Mold and water intrusion clams are a great source of litigation in today's modern world. These are also know as construction claims involving wet basements. This litigation has become common  with the discovery of the the toxic effects and eradication complexities associated with mold, black mold and toxic mold issues.  the discovery of mold in a home can have devastating consequences often rendering the home valueless  because of the potential health issues associated with mold presence.  

Therefore, it is important for home owners to recognize that  claims related to mold and water intrusion must be made in a timely fashion. Often the Statutes of Limitations related to construction and mold issues can be unforgiving. As a result, when a home owner first detects that they have a foundation or water intrusion problem, they must act quickly to preserve their claim. 

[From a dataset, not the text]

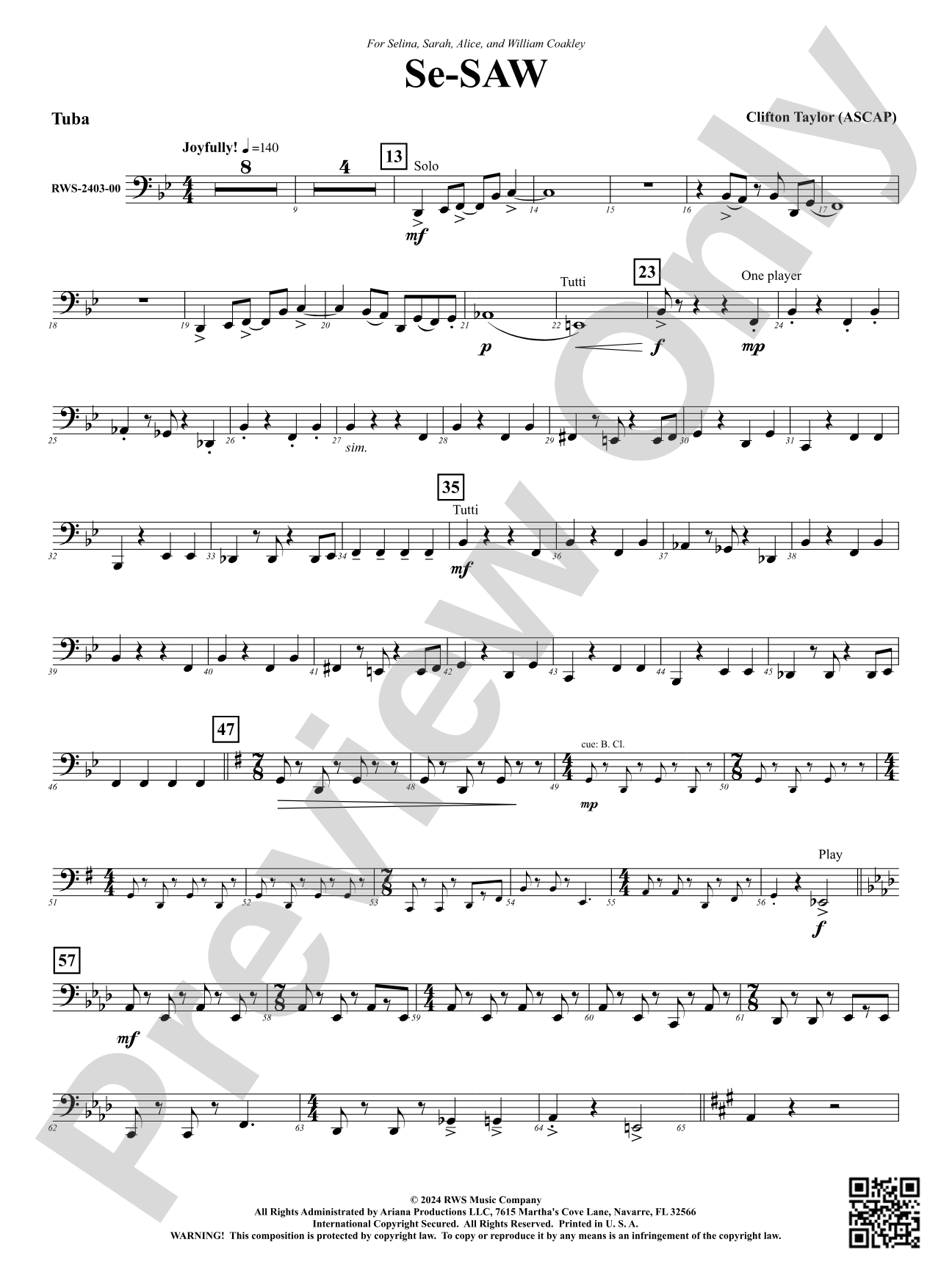 Se-SAW: Tuba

Claims by Minnesota homeowners against builders and material suppliers can generally be divided into two main types of causes of action: 

  • claims made pursuant to the statutory new home warranty found in Minnesota Statutes Section 327A.01 et seq., and

  • non-warranty claims such as negligence and breach of contract. 

Individuals faced with construction defects in their homes resulting in water intrusion, wet basements, roof leakage,  mold or other damage must be aware of strict time limitations that apply to all legal claims construction defects.  As described below, the time limitations for claims based on non-warranty allegations are governed by Minnesota Statutes Section 541.051, subd. 1, and claims brought under the statutory warranty are governed by Minnesota Statutes Section 541.051  subd. 4.

Homeowners are often under the mistaken belief that ongoing discussions or negotiations with a builder or its insurers regarding resolution of a problem will stop or toll the statute of limitations and provide additional time to commence suit.  As a general rule, this is not the case.  Very strict deadlines must be met to preserve warranty and non-warranty claims.  When these deadlines (as discussed below) are not met, homeowners with even major damage to their homes may recover nothing.

THE MINNESOTA HOME WARRANTY:

The statutory warranty for defects in construction in a property is found in Minnesota Statutes Section 327A.02.  This statute provides the following warranty for home, or “dwelling” owners:

  • Subd. 1.  Warranties by vendors.  In every sale of a completed dwelling, and in every contract for the sale of a dwelling to be completed, the vendor shall warrant to the vendee that:  (a) during the one-year period from and after the warranty date the dwelling shall be free from defects caused by faulty workmanship and defective materials due to non-compliance with building standards; (b) during the two-year period from and after the warranty date, the dwelling shall be free from defects caused by faulty installation of plumbing, electrical, heating, and cooling systems due to non-compliance with building standards; and (c) during the ten-year period from and after the warranty date, the dwelling shall be free from major construction defects due to non-compliance with building standards.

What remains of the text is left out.